This change adds a [CMake](https://cmake.org/) based build system to
address these issues:

- #190
Although this problem can be solved in the Makefile by specifying the
relative paths to each source file, it requires updating all the
Makefile Fortran module dependency rules which is a pain. CMake
automatically handles Fortran module dependencies out of the box so
doing this with CMake is much easier.
- #191 
When invoking `cmake`, custom options, compilers and compiler flags can
be configurable by setting the appropriate variables via the [`-D`
flag](https://cmake.org/cmake/help/latest/manual/cmake.1.html#cmdoption-cmake-D),
for example: `cmake -DCMAKE_Fortran_COMPILER="mpif90"
-DCMAKE_Fortran_FLAGS="-O2 -fp-model precise" -S . -B build`. These can
be used for doing MPI only builds and enabling specific debug flags.
- #192 
As mentioned above, CMake automatically handles Fortran module
dependencies out of the box.
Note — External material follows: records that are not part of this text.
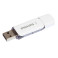 Philips Snow Edition USB 2.0 Minnepenn 32GB - 2pk Grå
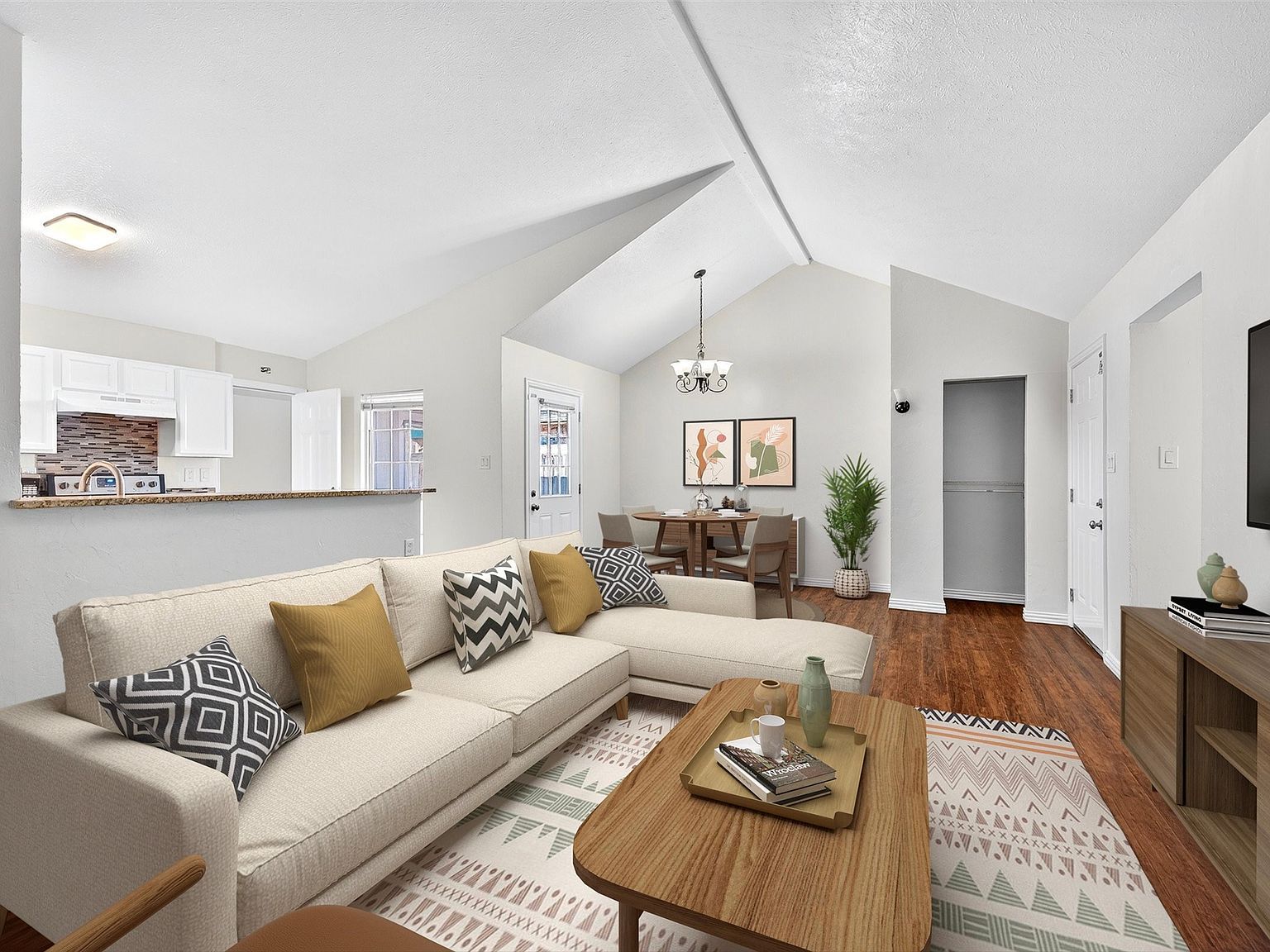 4421 Chapman St The Colony, TX 75056 - Thumbnail 2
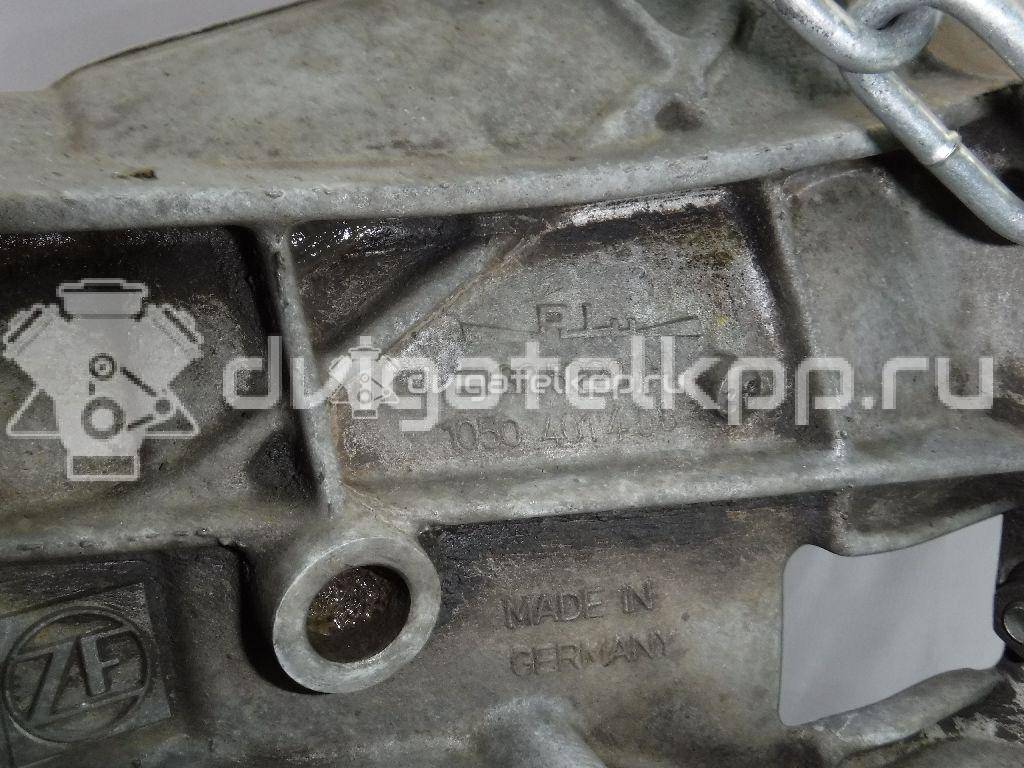 Фото Контрактная (б/у) АКПП для Audi A4 / 100 / 80 / A8 / Coupe 174 л.с 12V 2.8 л AAH Супер-бензин (95) неэтилированный 01F300041NX {forloop.counter}}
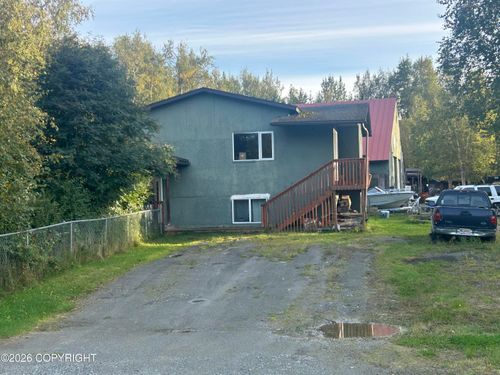 5550 W Limberlost Ave, Wasilla, AK, 99623-9556 | Card Image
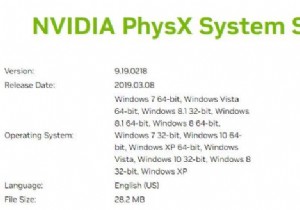 PhysxLoader.dll 누락 오류 해결법: 게임을 복구하는 5가지 간단한 방법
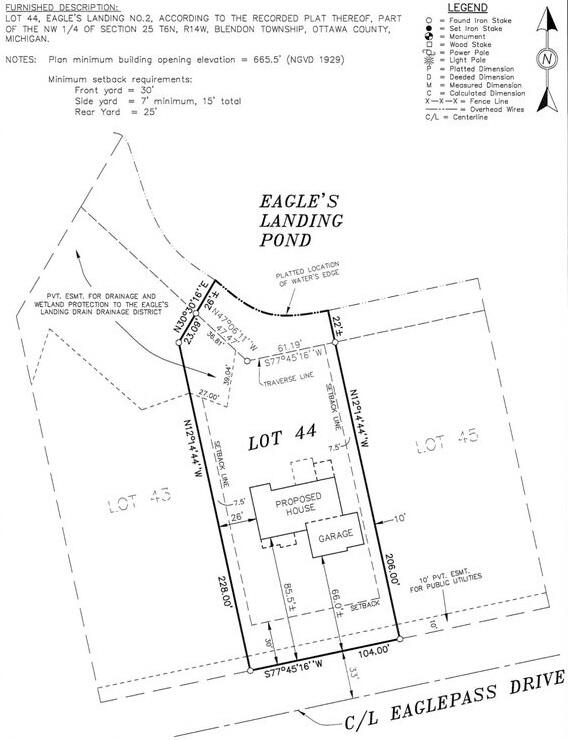 5343 Eagle Pass Drive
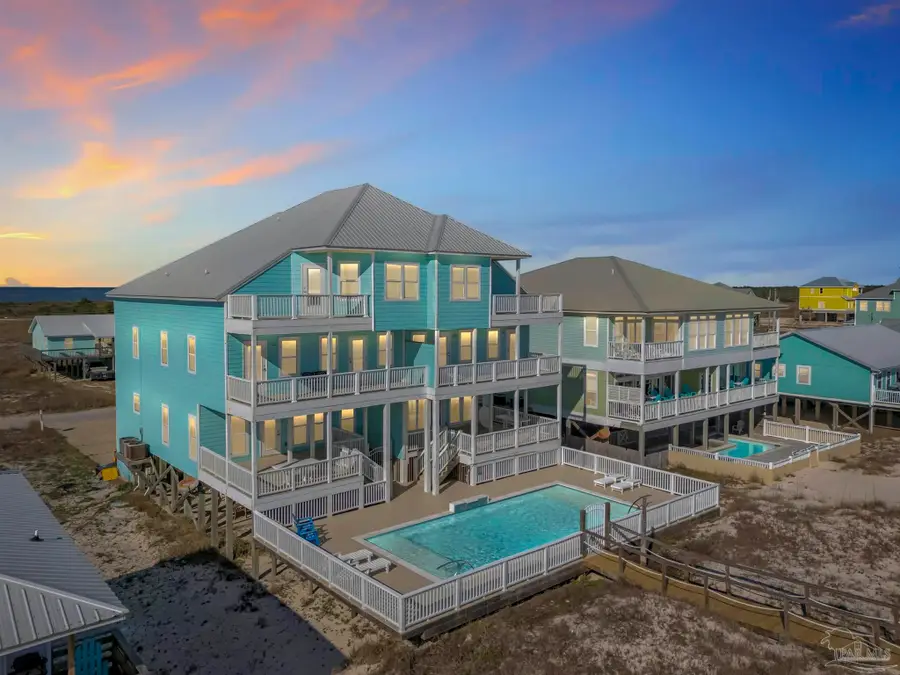 3596 Ponce De Leon Ct #B, Gulf Shores, AL 36542 - #3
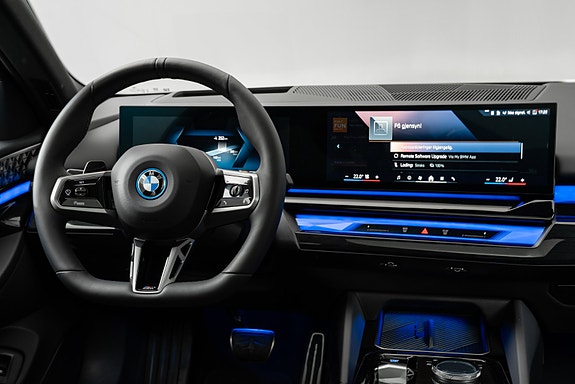 BMW i5 27 of 30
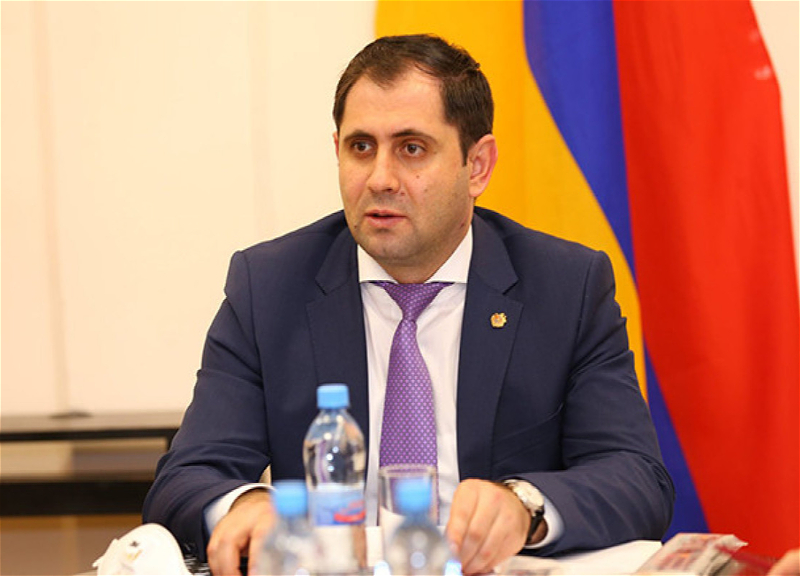Срок сборов резервистов в Армении сократят, но увеличат число участников – министр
Parallelised builds can be done by
specifying the `-j` flag to `cmake`.

The following pull requests should be merged before this pull request so
that we can demonstrate binary equivalence between the executables
compiled by both Makefile and CMake builds. This ensures no unwanted
changes are introduced by the transition.

- [x] #197
- [x] #199

Edit: the above PR's have been merged - the serial and MPI binaries
built by CMake (in release mode) are equivalent to the binaries built by
the Makefile based build system in the main branch.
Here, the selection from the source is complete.